My monthly subscription of women's magazines is full of stories about fertility and surrogates, fostering and adoption. Even with time ticking on having a child naturally, there are many, many hopeful stories and alternatives. With one in three women having their first baby over 35, women my age can still feel hopeful about their choices. Still, it would be foolhardy to believe that age considerations don't pertain to you and, really, it's never too early to start thinking about what you want. In 2011, the Society of Obstetricians and Gynecologists warned that Canadian women may be waiting too long to start their families, perhaps because they over-estimate their chances of successfully conceiving with fertility treatments.

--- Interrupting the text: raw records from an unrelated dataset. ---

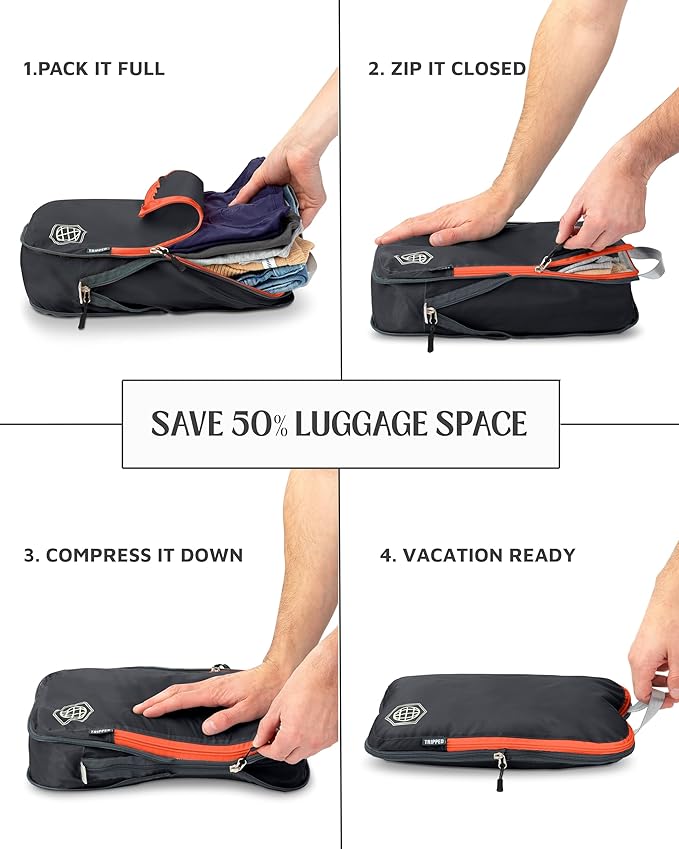 Compression Packing Cubes Set for Travel - Lightweight, Durable Clothes Organizer for Carry-On Luggage and Suitcases by TRIPPED Travel Gear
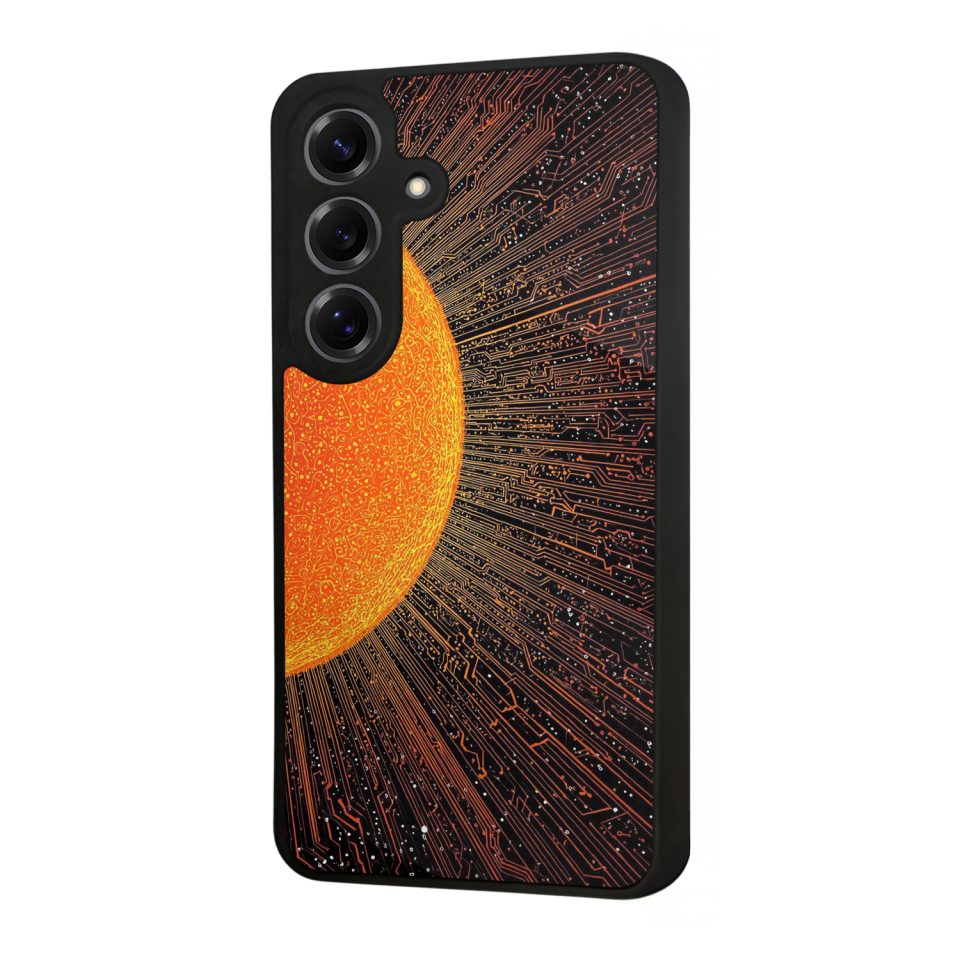 Samsung Galaxy S25 Uyumlu Güneş Tasarımlı Glossy Premium Kılıf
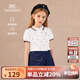 英氏（YEEHOO）女童t恤兒童短袖夏季薄款學(xué)院風(fēng)半袖polo衫女孩中大童裝夏裝新款 小帆船-白色 【棉柔透氣】 130 cm【順豐包郵&極速達】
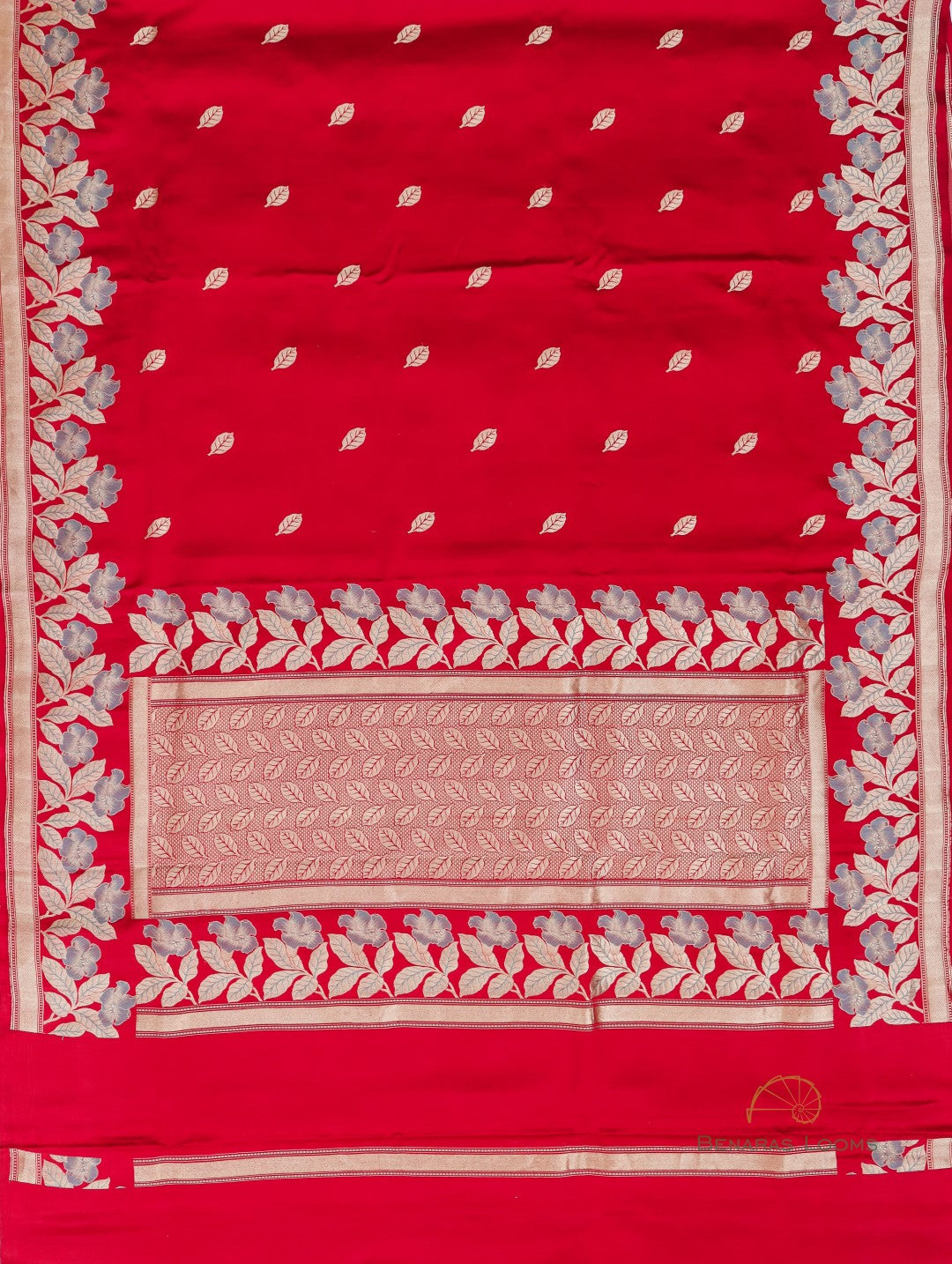 Red Handloom Satin Silk Kadhua Butidar Banarasi Saree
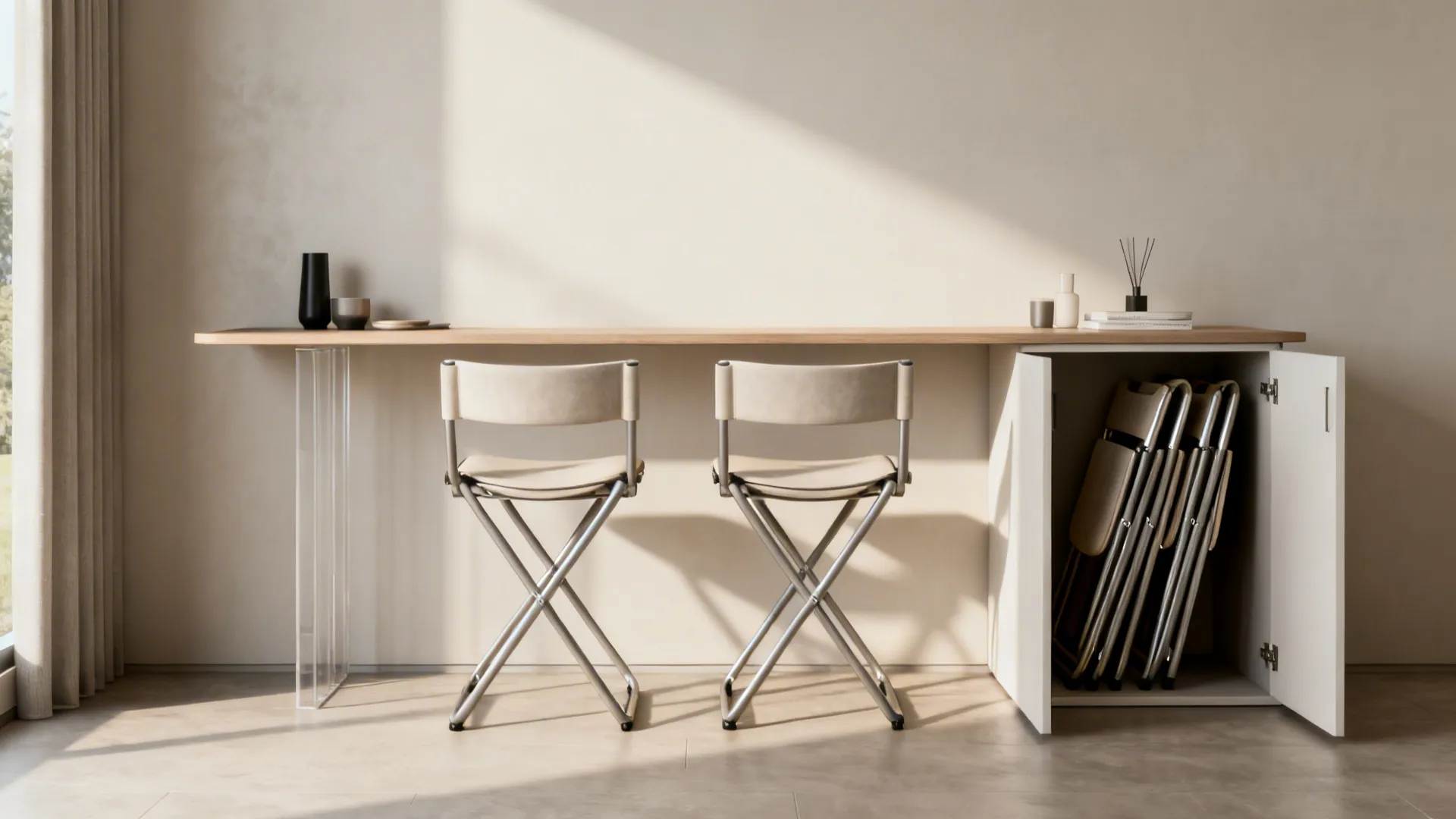 4. Foldable chairs and a slim console table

In many ways, all this information is a useful way to frame a discussion. But, in other ways, none of this makes the decision easier, because we're looking at the decision as a cold hard statistic instead of something personal. It's really easy to conflate those big life decisions, to pay too much attention to what everybody else is doing, to look to external sources and society for approval and a sense of certainty. But while the same biological limitation applies to all women, the decision to have a baby is not the same for every woman. At the end of the day, the decision to become a mother is a personal decision we must each make for ourselves.

I believe this decision is really about listening to your own voice -- about being honest and loving, non-judgmental, with yourself. It's about understanding where you are as a person and the commitment you want to make for the rest of your life. So, maybe the key to making this decision about having a baby is for us to apply those same mothering skills to ourselves, to listen to our own inner voice gently and supportively.